What is required.
Exact copies of all the lines below are wanted, without a single picture.

*** Opening of Excerpted data ***

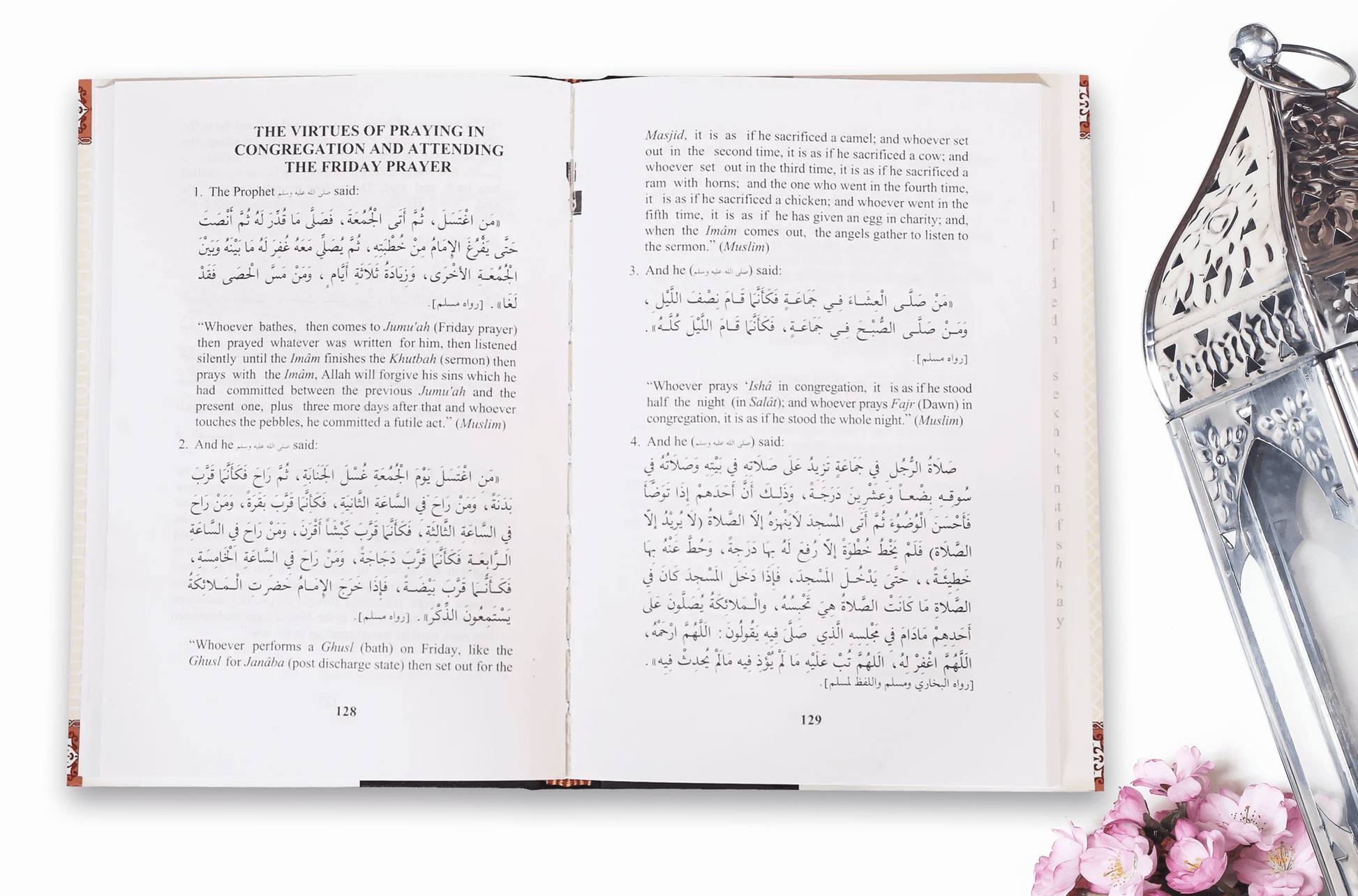 The Pillars of Islam and Iman - Darussalam UAE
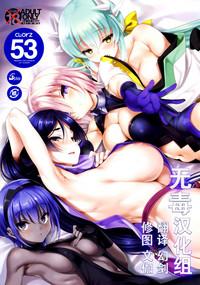 Spank CL-orz 53- Fate grand order hentai Free Amateur 2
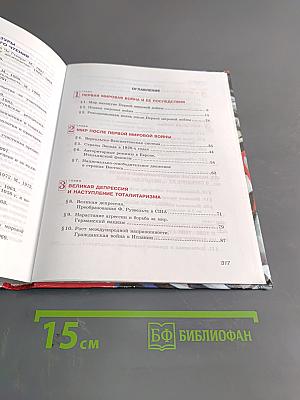 Всеобщая история. Новейшая история зарубежных стран. Учебник для общеобразовательных учреждений. 9 класс. Часть 1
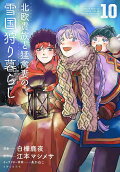 Vol. 10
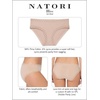 Natori Women’s Bliss Girl Brief 3-Pack(Golden/Dragonfly/Cafe)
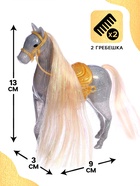 УЦЕНКА Набор лошадок "Волшебные коняшки" - Фото 2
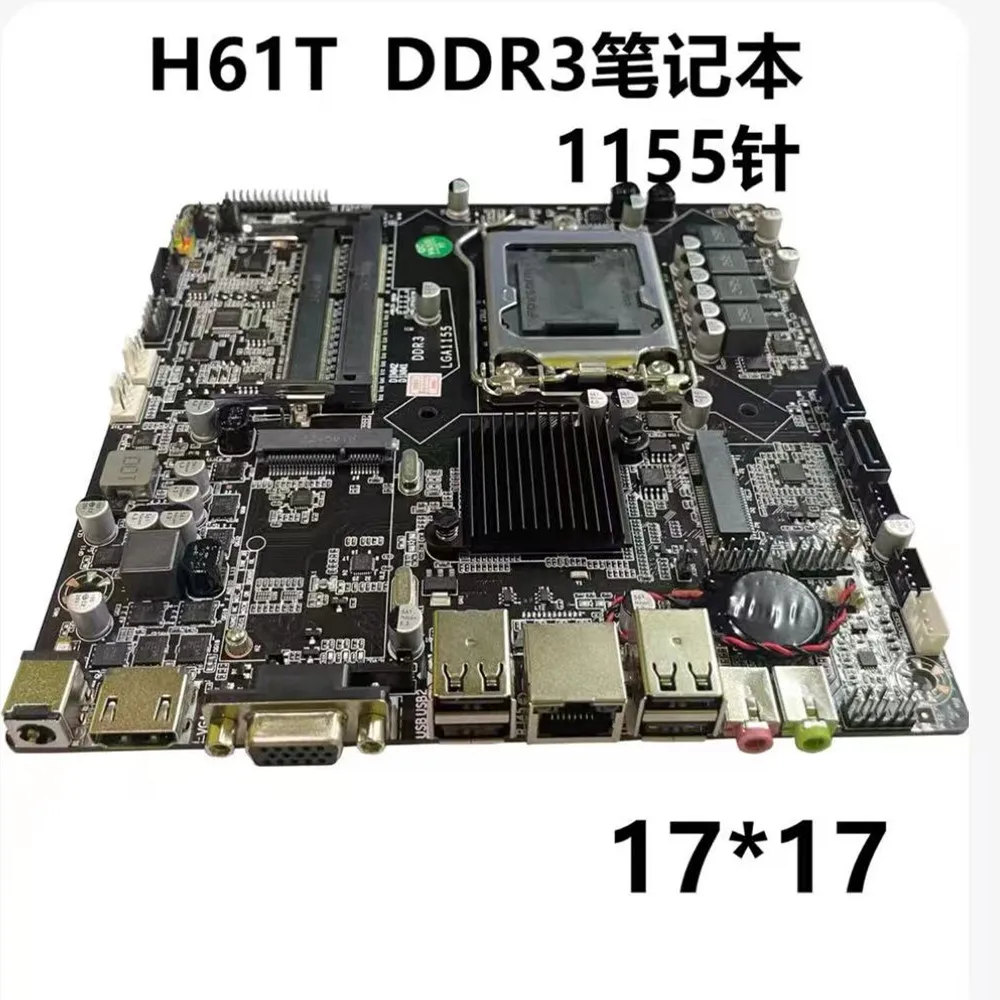 H110/H470 all-in-one motherboard N5095 industrial control ITX advertising machine B365H61 mini 17X17HM61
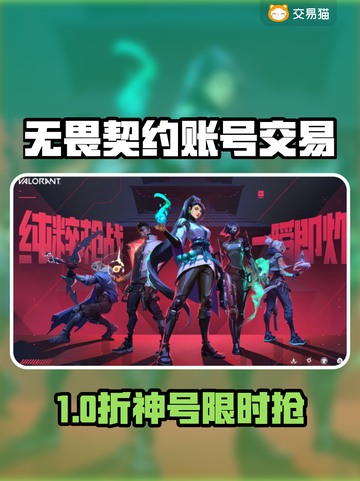 🔥无畏契约账号交易神器推荐！💼✨截图1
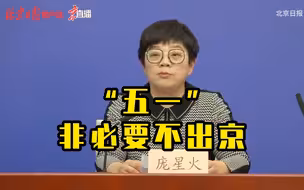 北京疾控：“五一”假期倡导市民就地过节，非必要不出京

*** Close of Excerpted data ***

Exercise result.
 The Pillars of Islam and Iman - Darussalam UAE
 Spank CL-orz 53- Fate grand order hentai Free Amateur 2
 Всеобщая история. Новейшая история зарубежных стран. Учебник для общеобразовательных учреждений. 9 класс. Часть 1
 Vol. 10
 Natori Women’s Bliss Girl Brief 3-Pack(Golden/Dragonfly/Cafe)
 УЦЕНКА Набор лошадок "Волшебные коняшки" - Фото 2
 H110/H470 all-in-one motherboard N5095 industrial control ITX advertising machine B365H61 mini 17X17HM61
 🔥无畏契约账号交易神器推荐！💼✨截图1
 北京疾控：“五一”假期倡导市民就地过节，非必要不出京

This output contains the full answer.